The key to making this dish is speed. Its important to have the chicken broth and noodles ready at the same time. Leave the noodles too long and they’ll be overcooked. Serve the chicken broth too early and it will be lukewarm.

Steel yourself. This is going to be spicy...

Steel yourself. This is going to be spicy...

Ingredients (for 1 person)

  • 130g fresh Chinese noodles
  • 50g minced pork
  • 1/2 tablespoon tien mien djan
  • 1 teaspoon soy sauce
  • 1 teaspoon shao hsing wine (you can use sake instead)
  • 250cc chicken soup
  • 1 teaspoon vinegar
  • 2 1/2 tablespoons white sesame paste
  • 1 tablespoon Chinese red chili oil
  • 2 teaspoons finely chopped Chinese pickled cabbage
  • 1 1/2 tablespoons green onions (cut the white part of the green onion into small pieces)
  • 1/2 stalk of bock choy (Spinach can also used)

Method

First take the sesame paste out of the refrigerator and let it warm to room temperature.

Pour 1/2 tablespoon vegetable oil into a frying pan and warm it. Next, place the minced pork into the pan. Raise the heat and when the color changes, pour in the teaspoon of shao hsing wine, the teaspoon of soy and the 1/2 teaspoon of tien mien djan. Stir the liquid into the meat until it’s mixed together well.

Now take your ramen bowl (or large soup bowl) and pour in the 1 teaspoon of vinegar, the 2 1/2 tablespoons white sesame paste and the tablespoon of Chinese red chili oil. Don’t mix them or you’ll lose some of the sesame paste’s aroma.

Both the noodles and the chicken soup now have to be cooked at the same time.

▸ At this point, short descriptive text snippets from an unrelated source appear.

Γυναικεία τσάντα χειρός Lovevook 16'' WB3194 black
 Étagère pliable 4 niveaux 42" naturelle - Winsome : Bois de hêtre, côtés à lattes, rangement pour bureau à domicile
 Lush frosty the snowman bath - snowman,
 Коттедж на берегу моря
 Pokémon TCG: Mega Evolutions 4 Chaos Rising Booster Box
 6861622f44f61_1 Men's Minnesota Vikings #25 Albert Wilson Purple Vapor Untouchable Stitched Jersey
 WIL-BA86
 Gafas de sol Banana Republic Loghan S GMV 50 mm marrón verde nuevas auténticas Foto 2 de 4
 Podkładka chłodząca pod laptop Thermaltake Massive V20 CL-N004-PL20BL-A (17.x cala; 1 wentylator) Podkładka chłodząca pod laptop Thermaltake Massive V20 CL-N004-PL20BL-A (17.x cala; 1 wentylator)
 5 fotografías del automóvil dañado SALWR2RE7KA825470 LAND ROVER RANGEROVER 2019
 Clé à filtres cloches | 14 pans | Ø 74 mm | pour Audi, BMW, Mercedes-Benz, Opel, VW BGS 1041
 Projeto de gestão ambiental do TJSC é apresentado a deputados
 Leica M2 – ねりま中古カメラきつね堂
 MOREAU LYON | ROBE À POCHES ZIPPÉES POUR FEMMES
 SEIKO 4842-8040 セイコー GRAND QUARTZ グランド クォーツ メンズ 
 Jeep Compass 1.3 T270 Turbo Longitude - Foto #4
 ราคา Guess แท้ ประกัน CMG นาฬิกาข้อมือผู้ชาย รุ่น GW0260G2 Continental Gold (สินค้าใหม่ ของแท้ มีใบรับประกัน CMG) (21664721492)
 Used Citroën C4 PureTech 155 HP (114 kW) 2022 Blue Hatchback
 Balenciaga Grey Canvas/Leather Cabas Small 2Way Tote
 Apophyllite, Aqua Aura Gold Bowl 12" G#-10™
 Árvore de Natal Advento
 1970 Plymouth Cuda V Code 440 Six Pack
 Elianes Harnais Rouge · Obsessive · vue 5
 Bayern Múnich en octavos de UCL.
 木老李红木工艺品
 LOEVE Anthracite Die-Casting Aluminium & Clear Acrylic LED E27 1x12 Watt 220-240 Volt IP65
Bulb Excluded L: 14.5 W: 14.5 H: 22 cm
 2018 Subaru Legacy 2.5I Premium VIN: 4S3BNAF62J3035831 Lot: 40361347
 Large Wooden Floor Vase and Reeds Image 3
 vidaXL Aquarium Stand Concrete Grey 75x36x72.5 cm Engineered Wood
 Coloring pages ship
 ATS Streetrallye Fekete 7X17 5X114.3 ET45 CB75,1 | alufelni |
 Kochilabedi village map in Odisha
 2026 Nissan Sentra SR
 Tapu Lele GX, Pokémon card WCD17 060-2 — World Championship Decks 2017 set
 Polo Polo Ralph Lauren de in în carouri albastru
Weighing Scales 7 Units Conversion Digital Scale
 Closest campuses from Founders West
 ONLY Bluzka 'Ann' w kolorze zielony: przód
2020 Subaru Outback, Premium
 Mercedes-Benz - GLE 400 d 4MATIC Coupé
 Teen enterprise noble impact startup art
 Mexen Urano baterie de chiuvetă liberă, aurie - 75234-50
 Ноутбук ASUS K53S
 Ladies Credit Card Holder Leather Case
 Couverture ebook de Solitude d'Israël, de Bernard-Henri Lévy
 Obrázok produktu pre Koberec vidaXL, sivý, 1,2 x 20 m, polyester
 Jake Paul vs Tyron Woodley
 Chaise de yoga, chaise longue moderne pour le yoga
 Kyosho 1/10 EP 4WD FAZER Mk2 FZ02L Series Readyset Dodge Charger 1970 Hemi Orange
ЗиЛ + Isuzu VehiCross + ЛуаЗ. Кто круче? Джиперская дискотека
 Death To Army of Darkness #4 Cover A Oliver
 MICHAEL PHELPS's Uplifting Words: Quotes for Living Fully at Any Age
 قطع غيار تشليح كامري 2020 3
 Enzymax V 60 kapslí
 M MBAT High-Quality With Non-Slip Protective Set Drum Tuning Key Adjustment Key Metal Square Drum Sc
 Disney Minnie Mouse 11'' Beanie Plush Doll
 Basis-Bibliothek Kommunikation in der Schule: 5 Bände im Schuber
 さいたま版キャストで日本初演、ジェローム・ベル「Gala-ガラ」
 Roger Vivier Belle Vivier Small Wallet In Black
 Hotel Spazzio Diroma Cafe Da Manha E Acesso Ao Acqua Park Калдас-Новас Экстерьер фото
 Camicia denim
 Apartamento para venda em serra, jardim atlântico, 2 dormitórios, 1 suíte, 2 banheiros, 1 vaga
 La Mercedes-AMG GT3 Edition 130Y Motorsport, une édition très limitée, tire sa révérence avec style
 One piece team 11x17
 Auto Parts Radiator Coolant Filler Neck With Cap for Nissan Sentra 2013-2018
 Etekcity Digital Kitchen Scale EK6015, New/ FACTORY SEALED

Following the instruction on the side of the package, boil the noodles in a big pan. It’s important to cook the noodles quickly – consider cooking them for a shorter time than suggested on the package.  In a second saucepan, cook the chicken stock. There’s no real need to make this from scratch (but you can if you want to!). I usually use Wueipa or Youki, but any instant stock will do.

Once the chicken stock is ready, pour it into the ramen bowl and use a whisk to mix this and the other ingredients together. Ideally, the noodles will now be ready. Rinse them and lower them into the ramen bowl. Finally, decorate with Chinese pickled cabbage, green onion, bok choy and the minced pork.